Your money with Noel Whittaker
Q I am 67 and receive a Commonwealth Public Service pension of $40,000 a year and have $600,000 in super in pension phase and draw down the minimum about $30,000 a year. My wife is 59 and does not work. I receive a Centrelink pension of about $349 per fortnight that is income tested (not asset tested). Will I be affected by the January 1 rules, and if so, can I draw some of my lump sum super and put it in my wife’s super account (current balance about $50,000). I note in your column you said pension rules for income tested people will not be affected but I have heard conflicting information about this.
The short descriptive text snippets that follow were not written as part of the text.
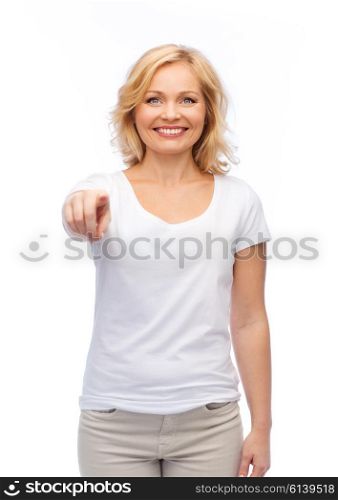 gesture, advertisement and people concept - smiling woman in blank white t-shirt pointing finger to you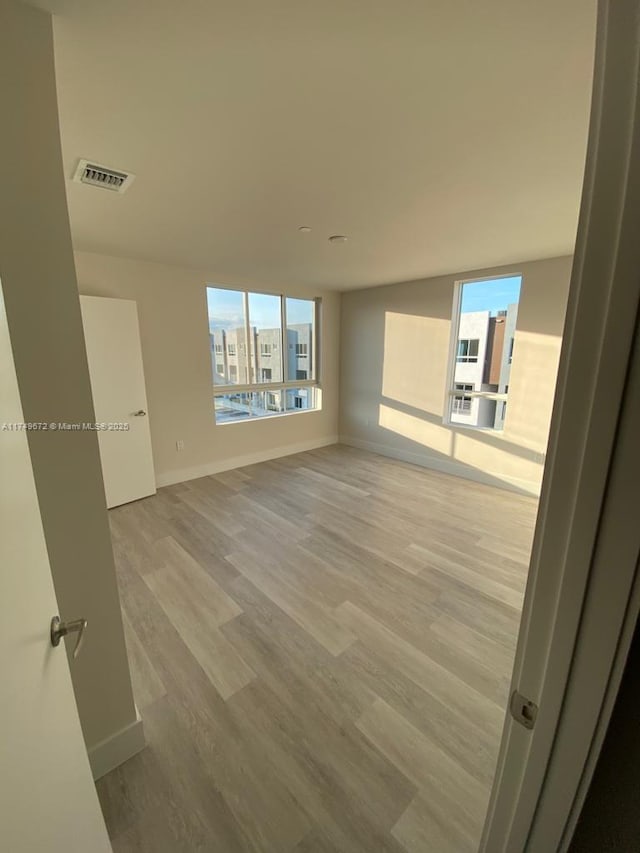 2561 NE 193rd St Unit 1202, Miami, FL 33180 - empty room with baseboards, light wood-style flooring, visible vents, and a wealth of natural light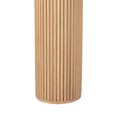 Close-up of cylindrical fluted column base on oak console table, vertical reeded detail and rounded foot, white background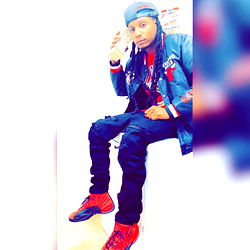 Model Flippa Sitting in Kitchen with Money and Phone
A A COUPLE is assessed together but money held in superannuation for a person who has not reached pensionable age is not counted by Centrelink. If you are income tested, the assets test change should not affect you, but I suggest you go to my website www.noelwhittaker.com.au and have a play with the calculators there. Go first to the deeming calculator and then use that information for the age pension calculator.
Q Could you please clarify the gifting and the five-year period. If I apply for the pension now (for the 2016-17 financial year) is it included in the five-year period?
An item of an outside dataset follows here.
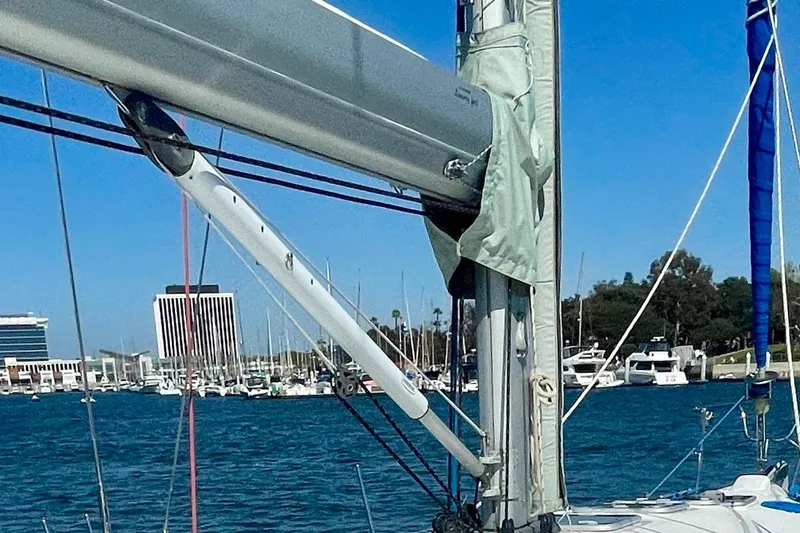 Caravan Yacht Photos Pics Sailboat mast and rigging of a 2003 Beneteau First 47.7 in a marina setting.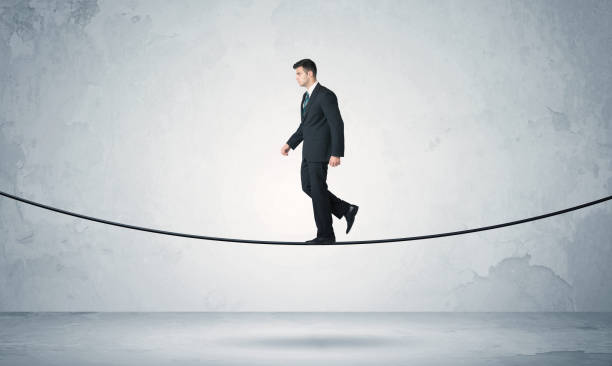 istock Sales guy balancing on tight rope 1170478658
A Centrelink will count all monies given away within five years of the application.
Q Is the January 1, 2017, taper rate of $3 per $1000 over the assets test lower limit of $375,000 for home owning couples applied to each member of the couple (hence a $6 reduction of their pension income) or is it a $1.50 deduction from the pension of each?
A The taper rate is $3 for each $100,000 for a couple – it is not doubled for them. The reduction is $7800 a year for each $100,000. Keep in mind that chattels such as furniture and cars should be valued at garage sale prices.